Additionally, users cannot create both read and write probes on
the same file.
PATH is the file name (relative to /proc/systemtap/MODNAME or
/var/tmp/systemtap-USER/MODNAME) to be created. If no PATH is
specified (as in the last two variants above), PATH defaults to
"command". The file name "__stdin" is used internally by
systemtap for input probes and should not be used as a PATH for
procfs probes; see the input probe section below.
When a user reads /proc/systemtap/MODNAME/PATH (normal runtime)
or /var/tmp/systemtap-USER/MODNAME (stapbpf runtime), the
corresponding procfs read probe is triggered. The string data to
be read should be assigned to a variable named $value, like this:
procfs("PATH").read { $value = "100\n" }
When a user writes into /proc/systemtap/MODNAME/PATH (normal
runtime) or /var/tmp/systemtap-USER/MODNAME (stapbpf runtime),
the corresponding procfs write probe is triggered. The data the
user wrote is available in the string variable named $value, like
this:
procfs("PATH").write { printf("user wrote: %s", $value) }
MAXSIZE is the size of the procfs read buffer. Specifying
MAXSIZE allows larger procfs output. If no MAXSIZE is specified,
the procfs read buffer defaults to STP_PROCFS_BUFSIZE (which
defaults to MAXSTRINGLEN, the maximum length of a string). If
setting the procfs read buffers for more than one file is needed,
it may be easiest to override the STP_PROCFS_BUFSIZE definition.
Here's an example of using MAXSIZE:
procfs.read.maxsize(1024) {
$value = "long string..."
$value .= "another long string..."
$value .= "another long string..."
$value .= "another long string..."
}
INPUT
These probe points make input from stdin available to the script
during runtime. The translator currently supports two variants
of this family:
input.char
input.line
input.char
is triggered each time a character is read from stdin.
The current character is available in the string variable named
char. There is no newline buffering; the next character is read
from stdin as soon as it becomes available.
input.line
causes all characters read from stdin to be buffered
until a newline is read, at which point the probe will be
triggered. The current line of characters (including the newline)
is made available in a string variable named line. Note that no
more than MAXSTRINGLEN characters will be buffered. Any
additional characters will not be included in line.

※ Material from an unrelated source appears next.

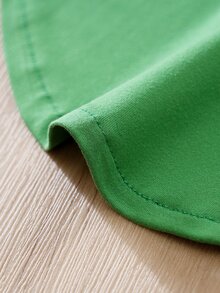 1 件绿色圣诞老人连帽宠物角色扮演服装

Input probes are aliases for procfs("__stdin").write
. Systemtap
reconfigures stdin if the presence of this procfs probe is
detected, therefore "__stdin" should not be used as a path
argument for procfs probes. Additionally, input probes will not
work with the -F and --remote options.
NETFILTER HOOKS
These probe points allow observation of network packets using the
netfilter mechanism. A netfilter probe in systemtap corresponds
to a netfilter hook function in the original netfilter probes
API. It is probably more convenient to use
tapset
::netfilter(3stap), which wraps the primitive netfilter
hooks and does the work of extracting useful information from the
context variables.
There are several probe point variants supported by the
translator:
netfilter.hook("HOOKNAME").pf("PROTOCOL_F")

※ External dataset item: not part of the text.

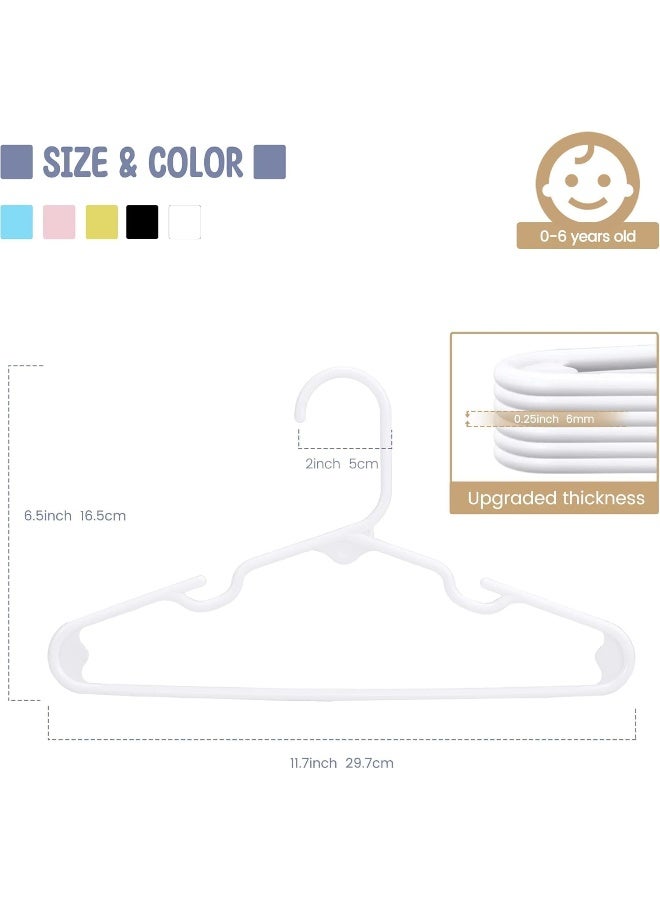 HOUSE DAY Kids Hangers 20 Pack, Premium White Baby Hangers for Closet Slim Plastic Hangers Cute Infant Hangers, Durable Kids Clothes Hanger, Toddler Hangers, Childrens Hangers Baby Hangers for Nursery - Image 3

netfilter.pf("PROTOCOL_F").hook("HOOKNAME")
netfilter.hook("HOOKNAME").pf("PROTOCOL_F").priority("PRIORITY")
netfilter.pf("PROTOCOL_F").hook("HOOKNAME").priority("PRIORITY")
PROTOCOL_F is the protocol family to listen for, currently one of
NFPROTO_IPV4, NFPROTO_IPV6, NFPROTO_ARP, or NFPROTO_BRIDGE.

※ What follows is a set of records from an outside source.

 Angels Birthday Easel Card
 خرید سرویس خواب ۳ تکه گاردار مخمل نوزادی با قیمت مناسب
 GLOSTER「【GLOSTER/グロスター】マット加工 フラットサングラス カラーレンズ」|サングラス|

HOOKNAME is the point, or 'hook', in the protocol stack at which
to intercept the packet. The available hook names for each
protocol family are taken from the kernel header files
<linux/netfilter_ipv4.h>, <linux/netfilter_ipv6.h>,
<linux/netfilter_arp.h> and <linux/netfilter_bridge.h>. For
instance, allowable hook names for NFPROTO_IPV4 are
NF_INET_PRE_ROUTING, NF_INET_LOCAL_IN, NF_INET_FORWARD,
NF_INET_LOCAL_OUT, and NF_INET_POST_ROUTING.
PRIORITY is an integer priority giving the order in which the
probe point should be triggered relative to any other netfilter
hook functions which trigger on the same packet. Hook functions
execute on each packet in order from smallest priority number to
largest priority number. If no PRIORITY is specified (as in the
first two probe point variants above), PRIORITY defaults to "0".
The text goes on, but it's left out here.